Entries shown Block Start

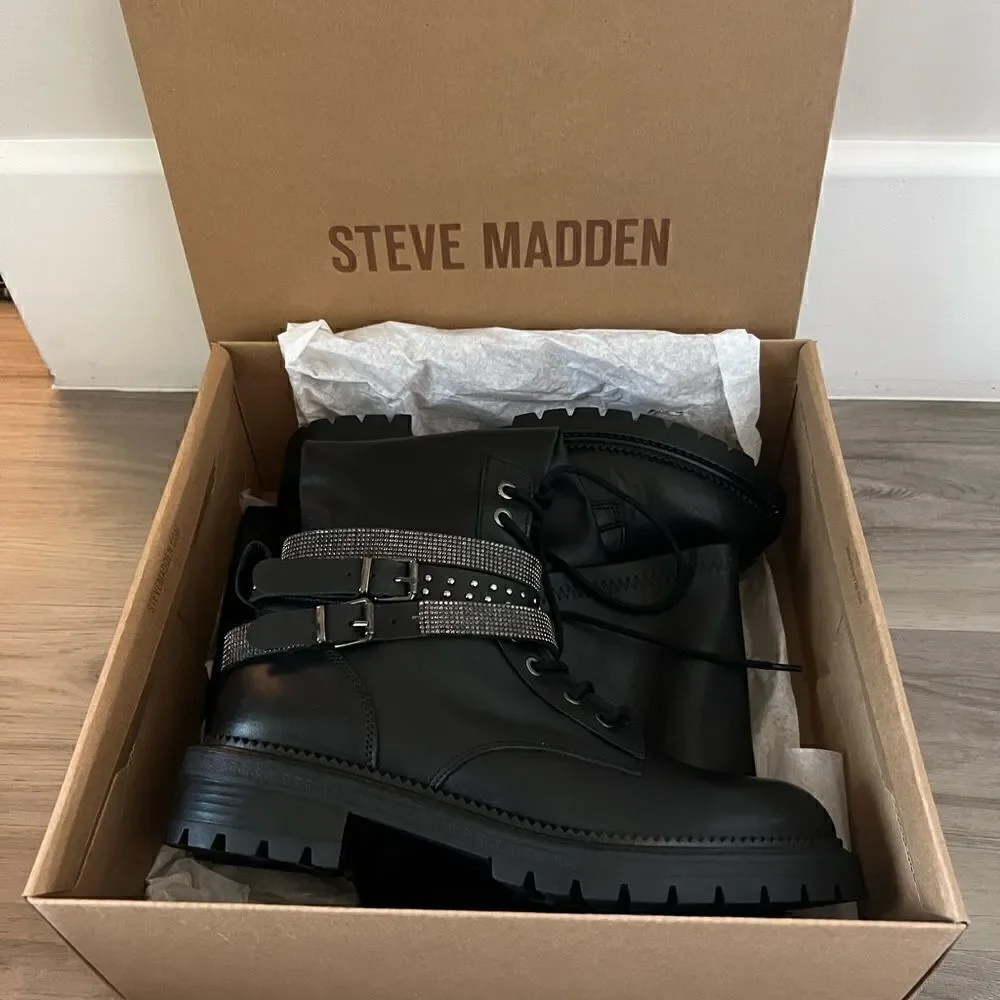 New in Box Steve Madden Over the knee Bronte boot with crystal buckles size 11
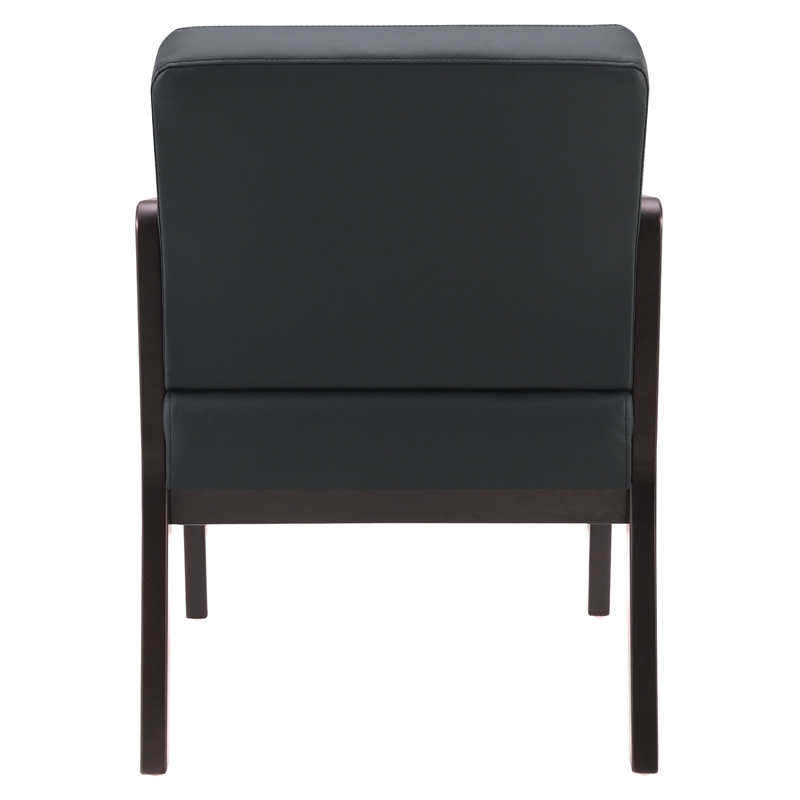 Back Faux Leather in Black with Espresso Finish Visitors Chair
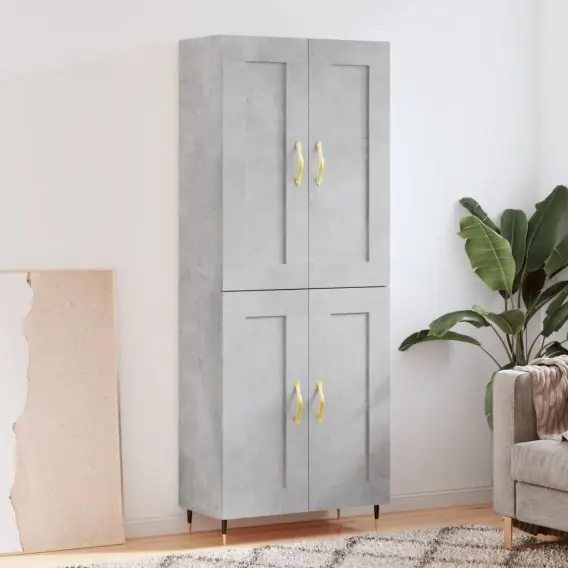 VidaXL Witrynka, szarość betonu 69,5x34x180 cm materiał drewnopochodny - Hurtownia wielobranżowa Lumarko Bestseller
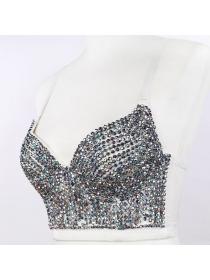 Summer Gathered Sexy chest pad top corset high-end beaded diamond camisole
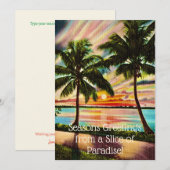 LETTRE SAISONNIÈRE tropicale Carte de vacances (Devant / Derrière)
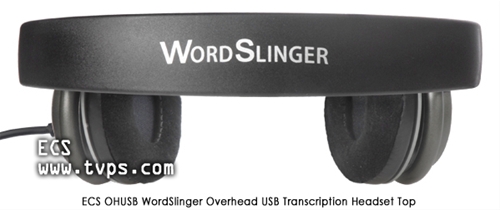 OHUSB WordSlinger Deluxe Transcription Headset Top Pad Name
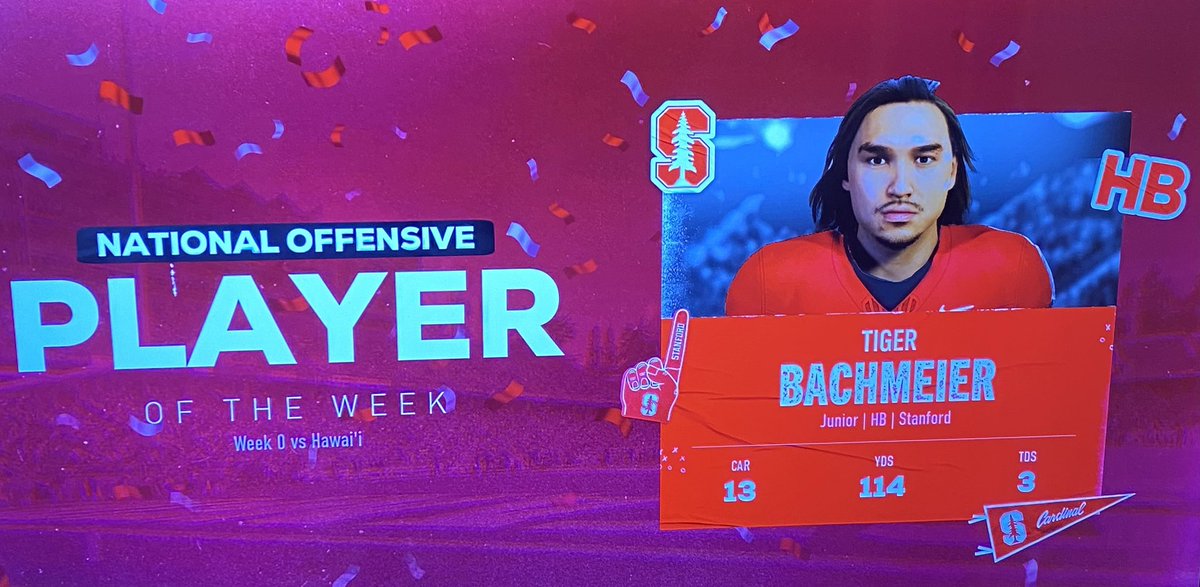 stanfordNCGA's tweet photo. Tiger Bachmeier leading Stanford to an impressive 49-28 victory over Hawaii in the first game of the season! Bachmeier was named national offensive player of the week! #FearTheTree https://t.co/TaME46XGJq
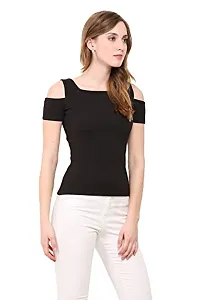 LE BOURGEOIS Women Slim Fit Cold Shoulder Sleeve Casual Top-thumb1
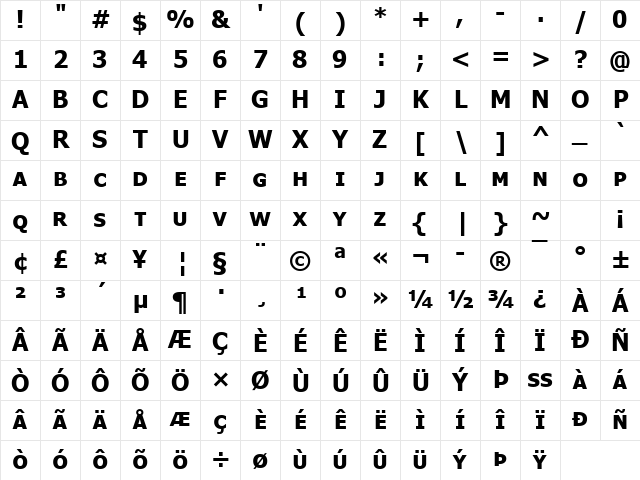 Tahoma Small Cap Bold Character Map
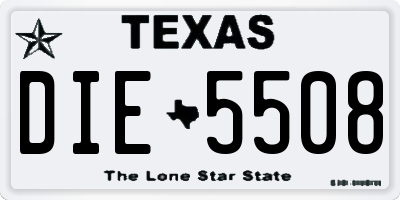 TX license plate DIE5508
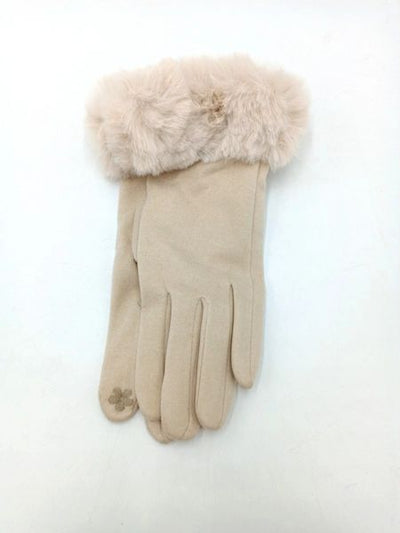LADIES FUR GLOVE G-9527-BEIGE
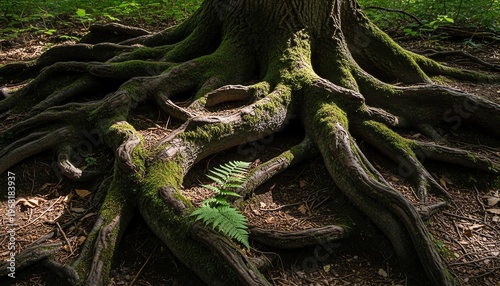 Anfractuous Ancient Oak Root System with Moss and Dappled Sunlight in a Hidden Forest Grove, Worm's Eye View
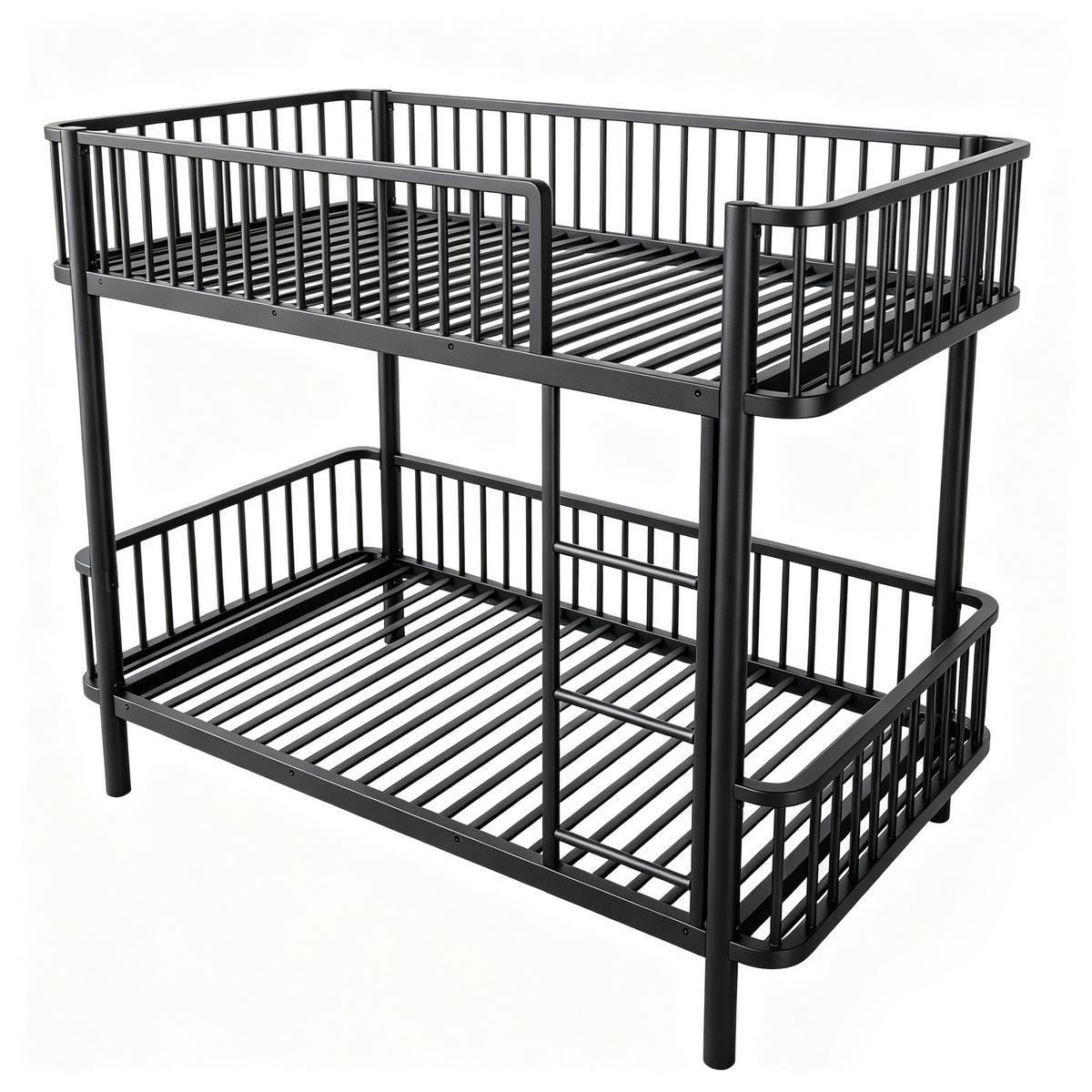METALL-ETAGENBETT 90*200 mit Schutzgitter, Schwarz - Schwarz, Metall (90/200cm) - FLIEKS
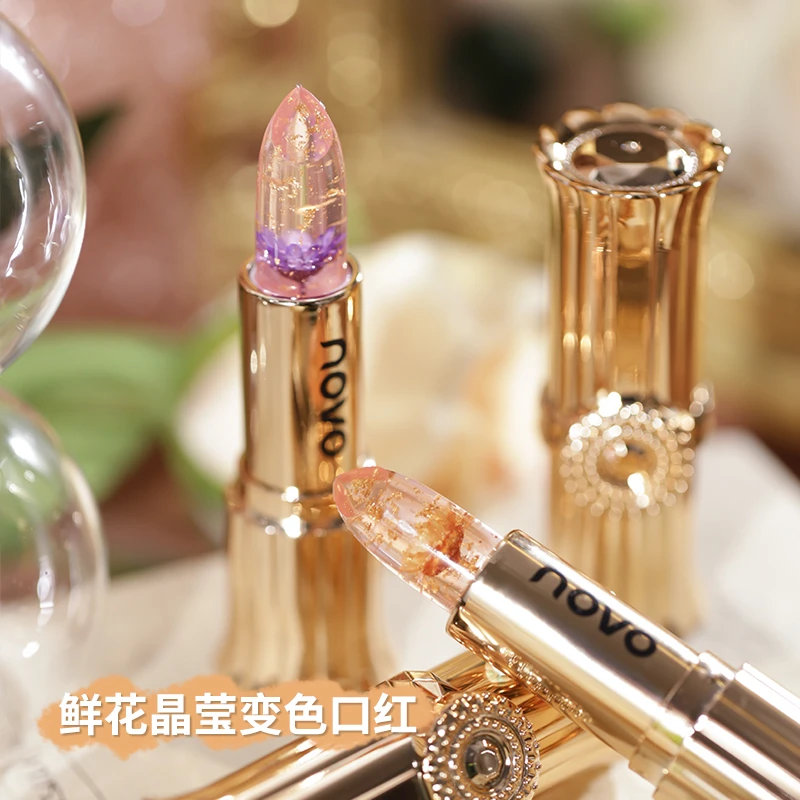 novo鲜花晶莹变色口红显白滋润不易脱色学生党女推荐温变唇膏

Entries shown Block End

The line containing "TX license plate DIE5508" and every line after it, through the end of the data, are to be output exactly. Omit the pictures.

 TX license plate DIE5508
LADIES FUR GLOVE G-9527-BEIGE
 Anfractuous Ancient Oak Root System with Moss and Dappled Sunlight in a Hidden Forest Grove, Worm's Eye View
METALL-ETAGENBETT 90*200 mit Schutzgitter, Schwarz - Schwarz, Metall (90/200cm) - FLIEKS
 novo鲜花晶莹变色口红显白滋润不易脱色学生党女推荐温变唇膏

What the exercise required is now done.